Human Rights Watch has reported on the government’s failure to adequately investigate or punish the attacks against Shia thought to be protesters as well as Shia businesses, and raised the issue in a meeting with Interior Ministry officials in April.
“Charging Nabeel Rajab ‘with offending an official institution’ is exactly the kind of speech offense that the king promised would no longer be cause for arrest,” Stork said. “Free expression is all about the right to criticize government institutions.”
The “illegal gatherings” accusation against Rajab relates to a peaceful demonstration that Rajab called for in Manama, the capital, in January. This charge too appears to be political and in any case cannot justify detaining Rajab during the investigation phase, Human Rights Watch said. The Bahraini Code of Criminal Procedure as well as international law limits pretrial detention to situations where the suspect might tamper with evidence, commit a criminal offense, or abscond.
On May 6, the day after Rajab was arrested, the official Information Affairs Authority (IAA) said that Rajab would face charges of “inciting illegal rallies and marches online by using social networking websites.” The IAA said the Interior Ministry filed a complaint with the Public Prosecution against Rajab for allegedly posting “defamatory and humiliating depictions of the public security forces.”
Human Rights Watch wrote to Bahrain’s Attorney General on May 9 requesting a copy of the Interior Ministry’s complaint, but has received no response.
Rajab had earlier accused riot police of an unprovoked attack against him on January 6 as he was leaving a peaceful protest in Manama that he had led.
In another politically motivated case, authorities have detained Zainab al-Khawaja since April 21 on charges of “holding up traffic, illegal gathering, and assaulting a public employee.” She had conducted a one-person sit-in on the main road to the Circuit Bahrain Formula One Grand Prix race to call for the release of her father, the prominent protest leader Abdulhadi al-Khawaja.He was sentenced to life in prison in June 2011 for his participation in the antigovernment protests a year ago and has been on a hunger strike since February 8, demanding freedom for himself and his co-defendants. Her next court session is scheduled for May 15.
The US State Department, in its announcement that it would resume some military equipment sales to Bahrain, said it was “mindful” of “serious unresolved human rights issues” and would continue to restrict some military items requested by the army, and all those requested by the Interior Ministry.

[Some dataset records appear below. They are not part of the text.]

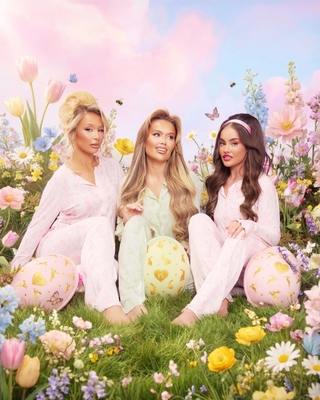 Somebunny Loves You Pink Bunny Pijamas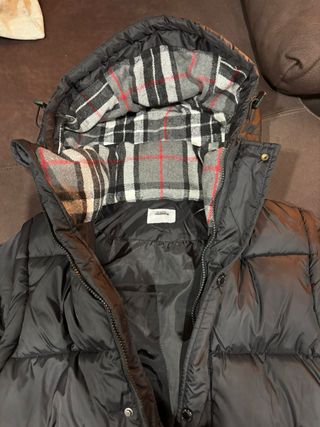 Abrigo Burberry Negro Plumas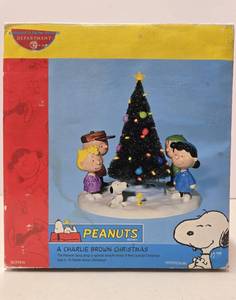lot 106 image: Mint in Box Department 56 PEANUTS Christmas Statue - A Charlie Brown Christmas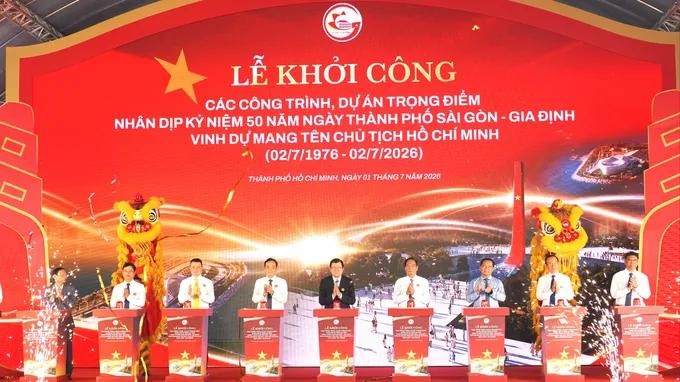 各位代表为庆祝以胡伯伯名字命名城市50周年的各重点工程、项目举行动工仪式。图：黄雄。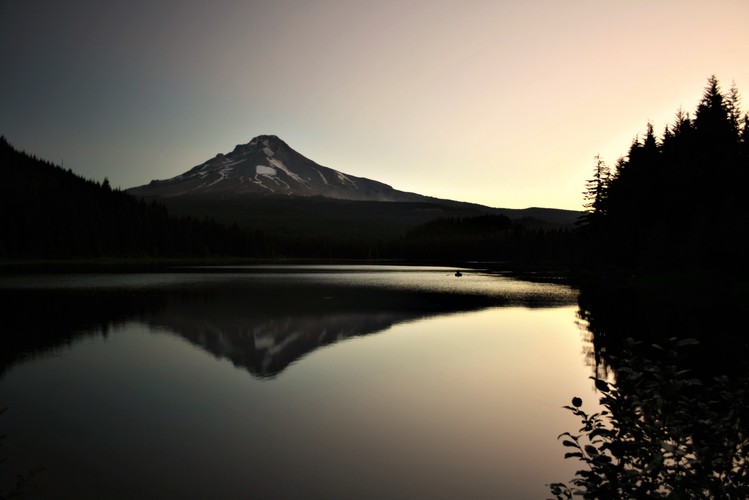 Mount Hood ( 3,429m )...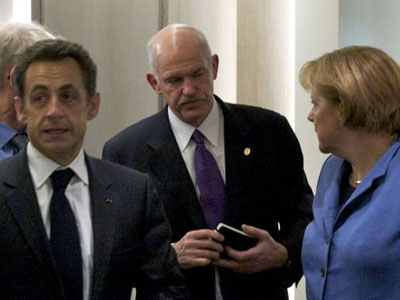 FT: Tα δάκρυα της Μέρκελ και η οργή του Σαρκοζί για το δημοψήφισμα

“We are dismayed by the Obama administration’s decision to authorize military sales to Bahrain just as another leading activist is detained and nothing has been done to address the international commission’s call to free political prisoners and hold ranking officials accountable for torture,” Stork said. “We recognize the administration didn’t want to send the crown prince home empty-handed, but this is not the way to get the ruling family to deliver on promised reforms.”